В 1965 году молодой (на то время) режиссер Марк Захаров поставил свой первый на сцене Театра сатиры спектакль «Поджигатели» по антифашистской пьесе уже упоминавшегося выше швейцарского драматурга Макса Фриша «Бидерман и поджигатели». Одной из особенностей Театра сатиры при Плучеке было то, что у начинающих режиссеров здесь не гнушались играть звезды. Главные роли в «Поджигателях» сыграли Георгий Менглет и Ольга Аросева. Все, кто видел этот спектакль, хвалили его, но критика почему-то восприняла его спектакль в штыки. Неизвестно, была ли на то некая команда свыше или же просто кто-то проявил инициативу, но в январе 1966 года в газете «Советская культура» появилась разгромная рецензия на спектакль, где, в частности, было сказано: «Разоблачающая сила пьесы сведена почти к минимуму. В спектакле недостает того гражданского гнева, гражданской заинтересованности, которыми проникнуто произведение Фриша. Создается впечатление, что чрезвычайно современная и своевременная по содержанию и блистательная по драматургической форме сатира Фриша застала Московский театр сатиры врасплох…»[82].

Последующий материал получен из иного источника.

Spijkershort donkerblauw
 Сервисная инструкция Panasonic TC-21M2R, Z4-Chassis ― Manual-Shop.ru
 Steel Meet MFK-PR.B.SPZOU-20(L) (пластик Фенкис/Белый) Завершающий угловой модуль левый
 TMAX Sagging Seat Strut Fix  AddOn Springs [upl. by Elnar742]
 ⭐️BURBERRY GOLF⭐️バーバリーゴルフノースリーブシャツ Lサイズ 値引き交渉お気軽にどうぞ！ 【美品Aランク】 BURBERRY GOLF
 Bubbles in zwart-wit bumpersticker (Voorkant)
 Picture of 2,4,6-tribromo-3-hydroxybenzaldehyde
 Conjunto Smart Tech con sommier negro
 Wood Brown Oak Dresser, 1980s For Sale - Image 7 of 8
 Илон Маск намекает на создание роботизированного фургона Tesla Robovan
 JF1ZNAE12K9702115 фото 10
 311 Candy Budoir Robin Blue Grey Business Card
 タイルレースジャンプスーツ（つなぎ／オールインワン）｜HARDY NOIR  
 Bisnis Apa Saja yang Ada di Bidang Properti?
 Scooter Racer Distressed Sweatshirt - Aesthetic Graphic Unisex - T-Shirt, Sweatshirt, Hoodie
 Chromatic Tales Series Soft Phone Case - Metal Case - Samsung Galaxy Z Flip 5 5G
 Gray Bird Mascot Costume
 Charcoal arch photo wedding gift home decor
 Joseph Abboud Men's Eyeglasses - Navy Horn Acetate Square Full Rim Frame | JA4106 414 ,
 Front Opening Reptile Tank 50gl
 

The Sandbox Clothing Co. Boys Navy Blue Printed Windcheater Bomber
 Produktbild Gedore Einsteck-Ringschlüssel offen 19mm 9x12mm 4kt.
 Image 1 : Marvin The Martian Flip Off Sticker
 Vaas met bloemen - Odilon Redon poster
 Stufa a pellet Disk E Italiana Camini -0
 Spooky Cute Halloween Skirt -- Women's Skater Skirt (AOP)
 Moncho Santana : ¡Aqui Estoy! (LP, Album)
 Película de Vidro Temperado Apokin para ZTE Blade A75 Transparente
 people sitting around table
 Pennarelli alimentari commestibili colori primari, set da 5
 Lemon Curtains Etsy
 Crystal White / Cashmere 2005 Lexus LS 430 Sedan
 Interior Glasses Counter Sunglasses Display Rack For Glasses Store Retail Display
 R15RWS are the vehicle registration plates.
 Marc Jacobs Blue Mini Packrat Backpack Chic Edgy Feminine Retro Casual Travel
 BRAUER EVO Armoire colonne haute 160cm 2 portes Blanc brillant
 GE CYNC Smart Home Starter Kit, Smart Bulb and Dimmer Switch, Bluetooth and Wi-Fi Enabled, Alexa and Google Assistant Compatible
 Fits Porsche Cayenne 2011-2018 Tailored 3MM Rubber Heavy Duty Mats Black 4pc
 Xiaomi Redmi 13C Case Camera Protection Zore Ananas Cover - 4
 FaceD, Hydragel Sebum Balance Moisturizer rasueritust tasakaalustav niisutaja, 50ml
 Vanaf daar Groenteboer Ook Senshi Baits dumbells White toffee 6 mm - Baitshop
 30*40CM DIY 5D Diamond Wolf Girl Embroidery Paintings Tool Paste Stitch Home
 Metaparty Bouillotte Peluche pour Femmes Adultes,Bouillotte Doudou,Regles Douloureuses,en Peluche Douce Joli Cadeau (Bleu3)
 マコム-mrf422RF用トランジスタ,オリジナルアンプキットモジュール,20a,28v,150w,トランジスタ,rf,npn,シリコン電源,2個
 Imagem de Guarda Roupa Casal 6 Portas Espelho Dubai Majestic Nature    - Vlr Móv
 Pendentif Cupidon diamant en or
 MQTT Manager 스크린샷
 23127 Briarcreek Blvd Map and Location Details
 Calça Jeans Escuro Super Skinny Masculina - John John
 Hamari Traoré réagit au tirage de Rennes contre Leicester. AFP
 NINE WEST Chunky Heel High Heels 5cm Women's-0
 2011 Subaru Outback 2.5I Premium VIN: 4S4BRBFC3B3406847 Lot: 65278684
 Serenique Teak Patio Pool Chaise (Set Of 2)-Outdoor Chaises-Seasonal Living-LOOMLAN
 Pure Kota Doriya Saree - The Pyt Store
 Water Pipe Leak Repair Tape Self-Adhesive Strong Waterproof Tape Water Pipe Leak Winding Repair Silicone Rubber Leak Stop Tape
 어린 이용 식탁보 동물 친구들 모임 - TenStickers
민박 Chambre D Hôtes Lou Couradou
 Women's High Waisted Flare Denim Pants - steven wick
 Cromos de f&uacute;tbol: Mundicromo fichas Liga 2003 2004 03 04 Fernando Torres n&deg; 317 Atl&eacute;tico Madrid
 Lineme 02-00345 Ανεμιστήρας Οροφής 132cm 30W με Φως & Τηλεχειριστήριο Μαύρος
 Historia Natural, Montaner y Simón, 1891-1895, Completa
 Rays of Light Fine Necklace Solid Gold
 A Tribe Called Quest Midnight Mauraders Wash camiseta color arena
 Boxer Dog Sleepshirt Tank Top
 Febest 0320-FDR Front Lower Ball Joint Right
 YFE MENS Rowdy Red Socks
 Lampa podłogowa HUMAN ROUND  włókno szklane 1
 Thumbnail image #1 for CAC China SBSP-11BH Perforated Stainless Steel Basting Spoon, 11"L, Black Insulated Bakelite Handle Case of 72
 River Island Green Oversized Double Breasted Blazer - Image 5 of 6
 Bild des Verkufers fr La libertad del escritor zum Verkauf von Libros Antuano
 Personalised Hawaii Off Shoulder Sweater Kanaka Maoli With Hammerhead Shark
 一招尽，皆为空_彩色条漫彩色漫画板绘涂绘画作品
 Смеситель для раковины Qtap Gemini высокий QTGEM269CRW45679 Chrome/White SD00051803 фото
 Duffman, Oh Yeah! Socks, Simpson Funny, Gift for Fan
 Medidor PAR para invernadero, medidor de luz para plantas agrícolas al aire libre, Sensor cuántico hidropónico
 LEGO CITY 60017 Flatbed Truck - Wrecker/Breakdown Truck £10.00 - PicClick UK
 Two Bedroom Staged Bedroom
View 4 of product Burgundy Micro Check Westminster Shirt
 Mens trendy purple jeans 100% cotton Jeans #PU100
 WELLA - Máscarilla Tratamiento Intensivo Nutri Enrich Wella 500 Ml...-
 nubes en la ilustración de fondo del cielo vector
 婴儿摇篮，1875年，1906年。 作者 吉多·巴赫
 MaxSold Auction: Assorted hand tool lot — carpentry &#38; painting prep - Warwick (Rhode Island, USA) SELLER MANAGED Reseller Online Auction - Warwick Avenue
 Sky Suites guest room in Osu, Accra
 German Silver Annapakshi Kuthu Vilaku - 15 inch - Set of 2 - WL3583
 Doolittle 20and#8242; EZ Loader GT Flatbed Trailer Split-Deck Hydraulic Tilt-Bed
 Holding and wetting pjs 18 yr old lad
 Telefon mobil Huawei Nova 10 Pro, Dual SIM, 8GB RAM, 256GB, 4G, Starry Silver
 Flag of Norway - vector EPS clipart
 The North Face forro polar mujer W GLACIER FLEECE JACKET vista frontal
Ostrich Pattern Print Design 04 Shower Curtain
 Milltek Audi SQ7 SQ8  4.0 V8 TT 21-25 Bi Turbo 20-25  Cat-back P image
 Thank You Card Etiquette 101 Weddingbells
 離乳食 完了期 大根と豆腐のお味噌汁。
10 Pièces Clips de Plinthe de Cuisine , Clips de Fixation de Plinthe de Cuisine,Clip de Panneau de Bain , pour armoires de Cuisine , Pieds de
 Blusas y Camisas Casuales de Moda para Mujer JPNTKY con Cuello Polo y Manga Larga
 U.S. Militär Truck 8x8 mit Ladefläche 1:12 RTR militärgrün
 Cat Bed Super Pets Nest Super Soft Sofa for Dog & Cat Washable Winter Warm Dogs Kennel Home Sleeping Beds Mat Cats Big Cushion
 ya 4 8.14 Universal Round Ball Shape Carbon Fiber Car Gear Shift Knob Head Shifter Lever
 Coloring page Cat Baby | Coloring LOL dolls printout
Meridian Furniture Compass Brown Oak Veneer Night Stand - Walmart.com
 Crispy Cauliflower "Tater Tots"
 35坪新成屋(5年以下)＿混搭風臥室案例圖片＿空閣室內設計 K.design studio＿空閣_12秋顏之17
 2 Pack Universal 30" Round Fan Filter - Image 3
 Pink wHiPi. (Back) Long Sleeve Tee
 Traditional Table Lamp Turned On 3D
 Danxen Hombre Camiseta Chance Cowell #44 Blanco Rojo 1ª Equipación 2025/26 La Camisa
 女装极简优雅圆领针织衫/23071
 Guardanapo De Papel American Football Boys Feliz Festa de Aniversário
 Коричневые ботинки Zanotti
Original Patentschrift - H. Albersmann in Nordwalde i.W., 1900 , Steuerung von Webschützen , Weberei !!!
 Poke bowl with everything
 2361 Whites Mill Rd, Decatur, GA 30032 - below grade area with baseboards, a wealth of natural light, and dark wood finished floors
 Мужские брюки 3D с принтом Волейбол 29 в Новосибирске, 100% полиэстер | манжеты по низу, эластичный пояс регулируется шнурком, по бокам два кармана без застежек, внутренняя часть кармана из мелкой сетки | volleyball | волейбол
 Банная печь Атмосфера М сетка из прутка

В то время при Всесоюзном театральном обществе существовала так называемая «секция зрителей», члены которой регулярно собирались для обсуждения спектаклей. Полезное, в общем-то, начинание (любому театру нужна связь со зрителем) очень скоро превратилось в инструмент для сведения счетов с в чем-то провинившимися режиссерами и артистами. Или же не провинившимися, а без вины виноватыми. Но дело не в этом, а в том, что на очередном заседании этой секции, разбиравшей спектакль «Поджигатели», Валентин Плучек дал резкий отпор автору критической статьи в «Советской культуре» Наталье Румянцевой. Смысл сказанного им сводился к тому, что нельзя критиковать то, в чем не разбираешься. Спустя несколько дней после этого заседания в «Советской культуре» было опубликовано два письма от «рядовых зрителей», членов зрительской секции ВТО, которых возмутила резкость Плучека. От имени редакции газеты было сказано, что президиум Всероссийского театрального общества должен безотлагательно обсудить «неэтическое, недостойное деятеля советского искусства» поведение Плучека и сделать из этого факта соответствующие выводы.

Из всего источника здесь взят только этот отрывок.